Section 9 was not changed by the Transportation Act, 1920.
In Phillips Co. v. Grand Trunk Western Ry. Co., 236 U.S. 662, 667, an action begun in the United States Circuit Court, the plaintiff alleged that the Interstate Commerce Commission had declared the published tariff rate unreasonable and sought to recover overcharges paid more than four years prior thereto. Referring especially to § 16, supra, this Court declared —
"Under such a statute the lapse of time not only bars the remedy but destroys the liability ( Finn v. United States, 123 U.S. 227, 232) whether complaint is filed with the Commission or suit is brought in a court of competent jurisdiction. This will more distinctly appear by considering the requirements of uniformity which, in this as in so many other instances must be borne in mind in construing the Commerce Act. . . . To have one period of limitation where the complaint is filed before the Commission and the varying periods of limitation of the different States, where a suit was brought in a court of competent jurisdiction; or to permit a railroad company to plead the statute of limitations as against some and to waive it as against others would be to prefer some and discriminate against others in violation of the terms of the Commerce Act which forbids all devices by which such results may be accomplished. . . . The Railroad Company therefore was bound to claim the benefit of the statute here and could do so here by general demurrer. For when it appeared that the complaint had not been filed within the time required by the statute it was evident, as matter of law, that the plaintiff had no cause of action. The carrier not being liable to the plaintiff for overcharges collected more than four years prior to the bringing of this suit, it was proper to dismiss the action."

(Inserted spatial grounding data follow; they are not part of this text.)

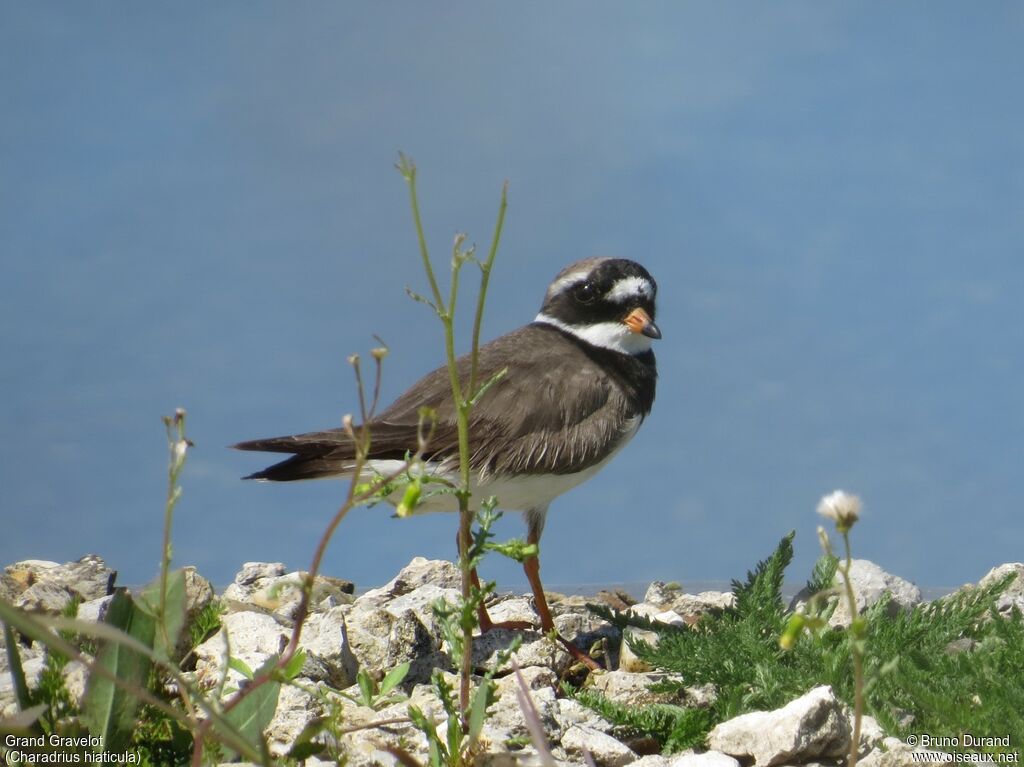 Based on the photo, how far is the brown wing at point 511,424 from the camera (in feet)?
20.8

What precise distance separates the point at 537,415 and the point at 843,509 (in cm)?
405

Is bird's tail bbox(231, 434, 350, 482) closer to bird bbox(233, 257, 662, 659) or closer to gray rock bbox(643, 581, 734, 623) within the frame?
bird bbox(233, 257, 662, 659)

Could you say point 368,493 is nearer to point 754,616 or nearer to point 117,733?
point 117,733

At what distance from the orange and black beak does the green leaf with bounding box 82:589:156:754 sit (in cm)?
440

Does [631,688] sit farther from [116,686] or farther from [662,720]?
[116,686]

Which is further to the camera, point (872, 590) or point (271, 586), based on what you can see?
point (271, 586)

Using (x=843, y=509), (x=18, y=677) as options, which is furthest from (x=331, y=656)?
(x=843, y=509)

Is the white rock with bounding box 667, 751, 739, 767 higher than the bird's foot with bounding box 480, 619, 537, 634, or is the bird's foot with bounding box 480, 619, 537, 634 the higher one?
the bird's foot with bounding box 480, 619, 537, 634

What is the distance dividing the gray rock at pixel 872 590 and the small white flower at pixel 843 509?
3744mm

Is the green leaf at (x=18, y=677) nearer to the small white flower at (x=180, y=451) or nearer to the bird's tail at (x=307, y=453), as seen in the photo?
the small white flower at (x=180, y=451)

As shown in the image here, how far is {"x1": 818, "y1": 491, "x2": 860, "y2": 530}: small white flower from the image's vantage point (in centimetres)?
259

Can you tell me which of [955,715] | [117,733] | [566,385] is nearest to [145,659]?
[117,733]

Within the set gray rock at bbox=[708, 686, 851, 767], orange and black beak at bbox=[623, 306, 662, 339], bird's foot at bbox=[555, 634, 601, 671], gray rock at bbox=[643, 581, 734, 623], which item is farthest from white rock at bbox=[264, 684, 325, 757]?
orange and black beak at bbox=[623, 306, 662, 339]

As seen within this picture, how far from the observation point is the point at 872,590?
21.2ft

True it is that the claim of Phillips Co. was based upon schedule tariff charges theretofore declared to be unreasonable by the Interstate Commerce Commission, while here the payments demanded are said to exceed the published rates when properly applied. But the doctrine of the Phillips Case and the reasoning advanced to support it, we think, are applicable to the circumstances of the instant cause. The lapse of time had destroyed any liability by the carrier to the shipper or his assignee for the alleged overcharges, and the demurrer should have been sustained.